Performed by Florida hip-hop trio Quad City DJ’s, “Space Jam” was released as a theme song for the 1996 movie of the same name – a classic live-action/animated flick featuring NBA superstar Michael Jordan and the characters from Looney Tunes squaring off in a basketball game against alien invaders. The song plays during the opening credits, blasting its mix of pumped-up raps and bass-heavy dance beats over archival footage of Jordan’s career.
The movie was a hit, but the music was a smash. A star-studded soundtrack album, also featuring R. Kelly’s chart-topping “I Believe I Can Fly,” reached No. 2 on the Billboard 200 in April 1997. And while Quad City’s theme song didn’t reach the heights the group’s earlier “C’mon N’ Ride It (The Train),” the track was also a hit in its own right, eventually hitting No. 37 on the Hot 100.
In legal filings, Watson (which also goes by Quadrasound Music) says it acquired the rights to the “Space Jam” composition in 2019 from its original songwriters: Quad City’s Jay “Ski” McGown and Nathaniel “C.C. Lemonhead” Orange, as well as Van “Thrill Da Playa” Bryant of the closely-affiliated Miami hip hop group 69 Boyz.
Since then, the group has not been shy about enforcing those rights.

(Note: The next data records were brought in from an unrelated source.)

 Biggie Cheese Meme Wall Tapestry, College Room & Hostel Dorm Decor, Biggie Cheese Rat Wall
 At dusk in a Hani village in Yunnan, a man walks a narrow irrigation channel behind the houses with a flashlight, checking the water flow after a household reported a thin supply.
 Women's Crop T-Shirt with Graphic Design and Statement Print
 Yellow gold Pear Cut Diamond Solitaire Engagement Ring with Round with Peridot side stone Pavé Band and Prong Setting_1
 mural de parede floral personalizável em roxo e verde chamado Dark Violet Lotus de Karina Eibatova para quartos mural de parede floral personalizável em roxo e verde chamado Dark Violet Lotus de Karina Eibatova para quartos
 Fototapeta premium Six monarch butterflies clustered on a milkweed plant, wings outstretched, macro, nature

On a website focused exclusively on Watson’s “100%” ownership of the “Space Jam” rights, a large-print banner reads: “Did you receive a notice from us?” Below that question, the site informs visitors that “U.S. copyright law provides large financial penalties for using someone’s copyrighted work without permission.”
The site then features a frequently-asked-questions section, warning readers that any use of the theme song on social media would require payment: “If your post contains any elements of the original composition ‘Space Jam’, you will need permission (a license) from Quadrasound Music.” Another question in the FAQ asks whether removing such a post, or offering credit, would suffice to avoid litigation. “None of these actions limit your liabilities as a copyright infringer,” the site answers, before explicitly stressing that copyright damages can reach $150,000 for a single infringed work.

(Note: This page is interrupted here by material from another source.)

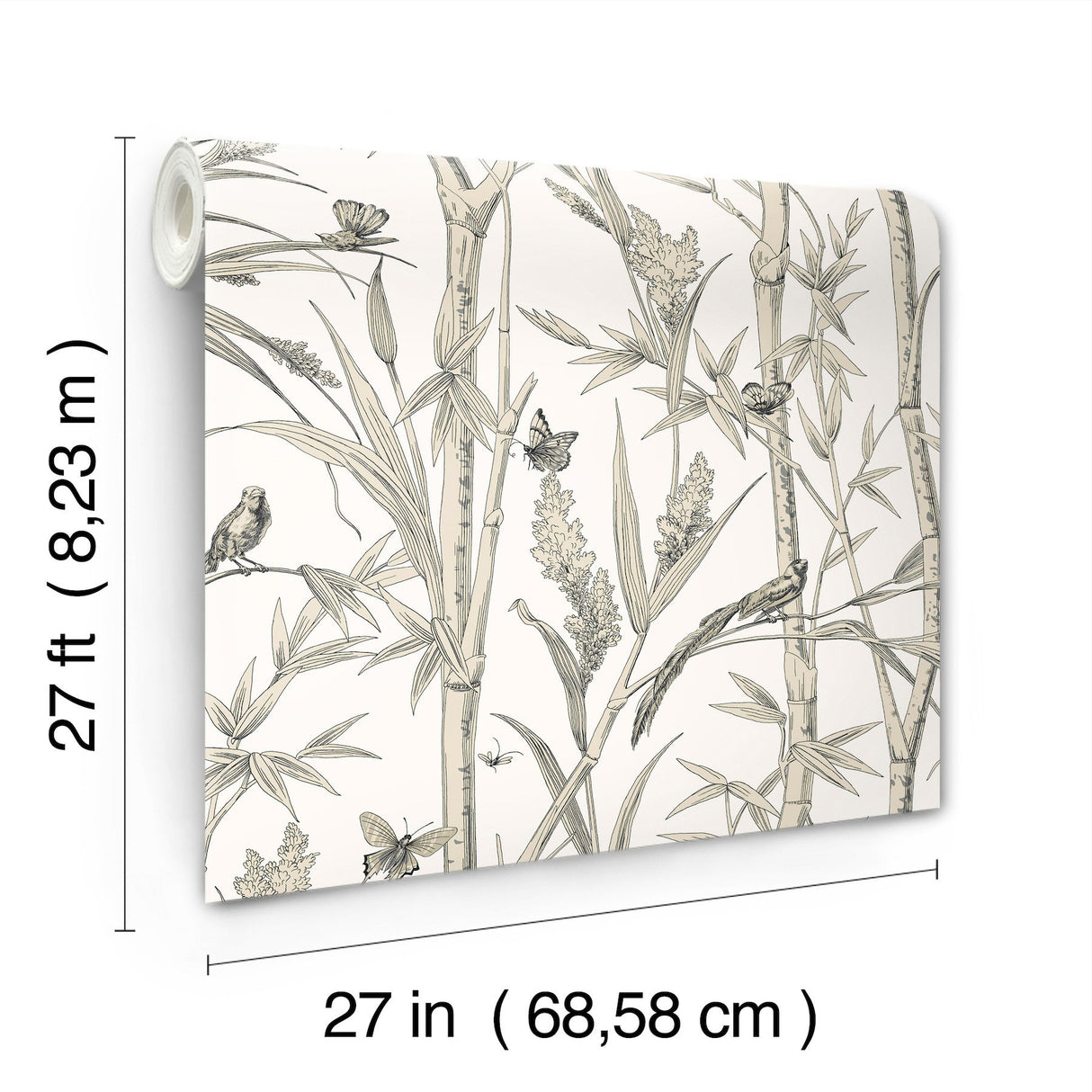Bambou Toile White Wallpaper with Transitional Toile Pattern - York RT7836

But, the Watson website says, it doesn’t need to come to all that: “We would rather save you the expense and worry of litigation by having you work with us to resolve this matter outside of the courts by issuing you a retroactive license.”
Depending on how aggressive they want to get, Watson/Quadrasound could have plenty of targets to send those notices demanding payment.

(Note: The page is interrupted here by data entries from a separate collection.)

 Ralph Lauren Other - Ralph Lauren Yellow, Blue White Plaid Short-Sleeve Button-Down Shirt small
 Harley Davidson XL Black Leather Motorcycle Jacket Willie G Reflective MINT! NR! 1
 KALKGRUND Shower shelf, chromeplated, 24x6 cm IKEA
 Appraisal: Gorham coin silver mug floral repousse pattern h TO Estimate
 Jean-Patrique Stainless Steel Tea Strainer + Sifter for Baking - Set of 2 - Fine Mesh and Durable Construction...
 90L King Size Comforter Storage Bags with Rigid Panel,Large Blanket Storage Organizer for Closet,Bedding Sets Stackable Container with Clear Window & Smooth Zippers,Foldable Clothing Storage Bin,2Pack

That’s because, in the mid-2000s, Quad City’s “Space Jam” theme enjoyed a bizarre second act as a meme. Across early internet sites like Something Awful and 4chan, users published hundreds of absurdist “slam remix” videos, combining the track with other songs and video clips, often inexplicably featuring NBA star Charles Barkley.
By the early 2010s, the trend had largely faded away – most memes do. But dozens of slam remixes still exist on YouTube, and whole websites dedicated to the art of slamming are still live in 2023. During a late-night appearance in 2021, Tony-winning playwright Lin-Manuel Miranda heaped praise on Slamilton, a full-length LP splicing “Space Jam” with his musical Hamilton: “Kudos to the genius who made that. The internet remains undefeated.”
In a 2021 Billboard story recounting the long, strange history of slam remixes, Quad City member Jay Ski seemed to love the fact that his song had been meme-ized: “I feel so honored that the community embraced us and said, ‘Hey, let’s use this.’ Think about all the records they could’ve used,” he said at the time. “For ours to take on its own direction and own little world, that’s awesome.”
Do the creators of all those remixes have licenses to use “Space Jam”? Almost certainly not. So, is every one of them going to get letters from Watson, demanding they take “retroactive licenses” or risk costly litigation? Darren Heitner, a Miami lawyer who serves as the company’s outside general counsel, said he could not answer that question and that every case would be treated individually.
“I can’t speak broadly to whether our client is seeking payment from everyone who has used the content as part of a meme, given the facts vary on a case-by-case basis and there are instances where a meme may be commercialized or be used as part of a larger commercial enterprise,” Heitner told Billboard.
Heitner would not say how many legal notices Watson/Quadrasound had sent out, nor how much money the company typically demanded in licensing fees to avoid litigation.
“Our client’s policy is to send out a notice when it, with reasonable diligence, discovers the infringement,” Heitner said. “It has recently become much more active in policing such infringement with the intent to engage in thorough discourse with the infringer before escalating each matter.”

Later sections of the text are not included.